-------- RECORDS SHOWN --------
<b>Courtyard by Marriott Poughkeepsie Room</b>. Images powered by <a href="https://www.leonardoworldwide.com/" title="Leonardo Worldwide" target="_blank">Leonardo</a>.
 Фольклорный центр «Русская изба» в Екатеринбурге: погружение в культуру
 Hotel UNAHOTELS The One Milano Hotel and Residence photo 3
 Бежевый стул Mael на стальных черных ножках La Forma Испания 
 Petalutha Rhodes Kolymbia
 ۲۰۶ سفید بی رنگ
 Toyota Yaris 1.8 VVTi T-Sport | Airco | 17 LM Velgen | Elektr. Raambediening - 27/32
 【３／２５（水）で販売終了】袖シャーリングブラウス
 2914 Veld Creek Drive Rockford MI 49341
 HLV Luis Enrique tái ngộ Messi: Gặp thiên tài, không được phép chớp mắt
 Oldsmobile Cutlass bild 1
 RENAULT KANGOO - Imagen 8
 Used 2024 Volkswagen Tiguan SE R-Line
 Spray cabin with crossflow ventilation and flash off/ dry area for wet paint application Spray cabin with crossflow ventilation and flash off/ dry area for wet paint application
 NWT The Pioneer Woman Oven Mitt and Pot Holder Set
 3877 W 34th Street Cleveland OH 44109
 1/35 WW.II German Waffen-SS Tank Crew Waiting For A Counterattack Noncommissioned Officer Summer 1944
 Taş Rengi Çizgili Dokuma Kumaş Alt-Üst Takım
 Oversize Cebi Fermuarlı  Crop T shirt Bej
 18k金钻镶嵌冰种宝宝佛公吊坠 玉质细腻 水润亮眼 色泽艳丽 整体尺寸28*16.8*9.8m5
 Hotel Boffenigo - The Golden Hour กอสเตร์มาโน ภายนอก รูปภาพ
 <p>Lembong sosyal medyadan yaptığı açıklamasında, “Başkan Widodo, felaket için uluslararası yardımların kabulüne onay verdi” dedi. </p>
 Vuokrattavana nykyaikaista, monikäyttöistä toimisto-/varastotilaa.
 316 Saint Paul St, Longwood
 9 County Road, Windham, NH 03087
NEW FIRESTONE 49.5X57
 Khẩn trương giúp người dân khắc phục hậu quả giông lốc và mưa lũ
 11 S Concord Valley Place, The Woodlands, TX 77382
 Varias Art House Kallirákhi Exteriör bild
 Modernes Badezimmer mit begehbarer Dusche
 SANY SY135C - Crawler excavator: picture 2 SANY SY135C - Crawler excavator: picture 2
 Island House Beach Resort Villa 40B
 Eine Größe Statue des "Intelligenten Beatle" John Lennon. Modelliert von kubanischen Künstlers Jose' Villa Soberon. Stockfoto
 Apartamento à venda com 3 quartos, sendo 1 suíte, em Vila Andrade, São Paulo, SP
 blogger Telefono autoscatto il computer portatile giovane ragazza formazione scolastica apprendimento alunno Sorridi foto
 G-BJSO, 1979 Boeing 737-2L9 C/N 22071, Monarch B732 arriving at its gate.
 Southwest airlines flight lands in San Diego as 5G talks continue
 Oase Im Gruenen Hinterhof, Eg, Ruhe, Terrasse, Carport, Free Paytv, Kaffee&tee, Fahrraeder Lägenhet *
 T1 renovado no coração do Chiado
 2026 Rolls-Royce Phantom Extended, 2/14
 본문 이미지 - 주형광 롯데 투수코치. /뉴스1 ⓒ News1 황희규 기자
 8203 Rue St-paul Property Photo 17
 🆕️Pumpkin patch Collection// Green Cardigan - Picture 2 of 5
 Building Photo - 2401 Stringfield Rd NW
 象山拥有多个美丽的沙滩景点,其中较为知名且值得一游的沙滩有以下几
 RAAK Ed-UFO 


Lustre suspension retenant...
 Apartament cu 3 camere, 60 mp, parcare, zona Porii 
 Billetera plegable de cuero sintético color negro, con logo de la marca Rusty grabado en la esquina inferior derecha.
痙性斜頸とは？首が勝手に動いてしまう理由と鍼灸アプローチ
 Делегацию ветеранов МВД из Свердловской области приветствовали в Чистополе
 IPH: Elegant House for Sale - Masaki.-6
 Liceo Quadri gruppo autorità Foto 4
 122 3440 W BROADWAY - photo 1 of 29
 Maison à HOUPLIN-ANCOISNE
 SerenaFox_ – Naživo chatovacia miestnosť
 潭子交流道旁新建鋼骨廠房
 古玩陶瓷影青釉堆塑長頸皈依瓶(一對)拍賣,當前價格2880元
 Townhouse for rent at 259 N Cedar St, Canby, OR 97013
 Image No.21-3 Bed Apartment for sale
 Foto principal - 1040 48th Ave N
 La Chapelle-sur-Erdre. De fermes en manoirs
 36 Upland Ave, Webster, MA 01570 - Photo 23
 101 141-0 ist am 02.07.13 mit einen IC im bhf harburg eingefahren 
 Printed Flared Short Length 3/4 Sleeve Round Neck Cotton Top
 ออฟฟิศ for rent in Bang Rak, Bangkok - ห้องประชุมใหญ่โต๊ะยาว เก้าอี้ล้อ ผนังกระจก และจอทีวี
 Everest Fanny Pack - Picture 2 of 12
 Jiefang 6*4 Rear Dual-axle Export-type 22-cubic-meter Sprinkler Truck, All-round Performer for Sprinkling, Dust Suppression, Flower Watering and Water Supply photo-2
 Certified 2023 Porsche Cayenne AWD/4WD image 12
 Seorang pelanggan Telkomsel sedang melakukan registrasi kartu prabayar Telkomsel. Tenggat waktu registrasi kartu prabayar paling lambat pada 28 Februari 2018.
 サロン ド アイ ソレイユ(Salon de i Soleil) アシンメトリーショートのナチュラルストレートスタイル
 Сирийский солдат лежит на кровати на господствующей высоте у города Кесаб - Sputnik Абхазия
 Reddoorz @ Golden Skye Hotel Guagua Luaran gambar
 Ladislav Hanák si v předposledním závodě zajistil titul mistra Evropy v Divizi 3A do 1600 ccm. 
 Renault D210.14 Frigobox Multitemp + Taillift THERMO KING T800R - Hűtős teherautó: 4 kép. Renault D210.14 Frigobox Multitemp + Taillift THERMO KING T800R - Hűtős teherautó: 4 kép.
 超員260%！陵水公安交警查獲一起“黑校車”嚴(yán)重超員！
--------
Out of the records above, pick each line that contains the string "Hotel".

### ANSWER SECTION
 Hotel UNAHOTELS The One Milano Hotel and Residence photo 3
 Hotel Boffenigo - The Golden Hour กอสเตร์มาโน ภายนอก รูปภาพ
 Reddoorz @ Golden Skye Hotel Guagua Luaran gambar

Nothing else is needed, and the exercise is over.